It is clear, both from the language of Ark. Const. art. 14, § 3, and from case law, that the General Assembly lacks authority to impose a minimum rate at or above which local school taxes must be imposed. The constitutional provision clearly delegates to the school board and the voters the authority and duty to determine the rate of the school district's tax levied in support of local schools. While the General Assembly is obligated to "provide for the support of common schools," the constitution gives the General Assembly no authority with respect to the setting of the rates of local school taxes. Thus, in Henry v. Tarpley,230 Ark. 722, 324 S.W.2d 503 (1959), the court held unconstitutional under Ark. Const. art. 14, § 3, an act of the General Assembly that purported to require school districts to allocate a portion of their school taxes, expressed as a millage rate, to the County Equalizing School Districts whose creation was authorized by the act. The provision clearly would have had the effect of requiring districts to levy school taxes at or in excess of the specified rate. The court characterized Amendment 40 as follows:
Amendment 40 specifically places the amount needed to operate a school district in the hands of the voters of such district and removes all financial restrictions as to their powers in determining these amounts deemed necessary by the Board of Directors of the District. . . .
Henry, 230 Ark. at 727.
It was also stated in Henry, and it is settled law, that the General Assembly cannot do indirectly what it is prohibited by the constitution from doing directly. Henry, 230 Ark. at 727, quoting Hart v. Wimberly,173 Ark. 1083, 1089, 296 S.W. 39 (1927). See also Gravett v. Villines,314 Ark. 320, 862 S.W.2d 260 (1993) (applying the rule to the actions of a quorum court); Cragar v. Thompson, 212 Ark. 178, 205 S.W.2d 180 (1947).

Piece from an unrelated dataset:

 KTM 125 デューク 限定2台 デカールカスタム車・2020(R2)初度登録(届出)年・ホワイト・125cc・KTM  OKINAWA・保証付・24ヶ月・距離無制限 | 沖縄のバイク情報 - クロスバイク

Does Act 916 indirectly impose a minimum millage requirement upon school districts and therefore violate Ark. Const. art. 14, § 3? Several factors and principles of law may be relevant to answering the question.

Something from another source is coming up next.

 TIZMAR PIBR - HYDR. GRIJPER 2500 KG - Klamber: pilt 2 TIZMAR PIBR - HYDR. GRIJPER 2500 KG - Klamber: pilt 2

The act imposes a financial consequence upon the income taxpayers of a district that fails to levy the base millage, and refers to that consequence as a "sanction." Act 916, § 5. The existence of a sanction or penalty for failure to comply with a statutory provision is sometimes cited as one factor that will lead a court to conclude that the provision is mandatory rather than directory. See 82 C.J.S. Statutes § 376 (1953), 73 Am. Jur. 2d Statutes § 20 (1974), and cases cited therein. If a court viewed the surcharge as a penalty for failing to levy at least the base millage, it might conclude that Act 916 indirectly sets a minimum millage requirement and constitutes an attempt to require indirectly what the General Assembly cannot require directly.
It might be noted, on the other hand, that a number of districts apparently failed to levy at least the base millage in the school election held in September 1995. One might cite this fact to argue that the surcharge is not punitive, but merely gives residents of each district a choice of how they will support their local schools: through local school taxes or increased income taxes. The act might be characterized as one of several devices employed by the General Assembly in carrying out its constitutional obligation to "provide for the support of common schools by general law. . . ." Ark. Const. art. 13, § 4. "Ultimately, the responsibility for maintaining a general, suitable and efficient school system falls upon the state." Dupree v. Alma School Dist. No. 30,279 Ark. 340, 349, 651 S.W.2d 90 (1983). In Dupree, the court quoted with approval from a New Jersey case:
Whether the state acts directly or imposes the role upon the local government, the end product must be what the constitution commands. [When a district falls short of the constitutional requirements], whatever the reasons for the violation, the obligation is the state's to rectify it. If local government fails, the state government must compel it to act, and if the local government cannot carry the burden, the state must itself meet its continuing obligation.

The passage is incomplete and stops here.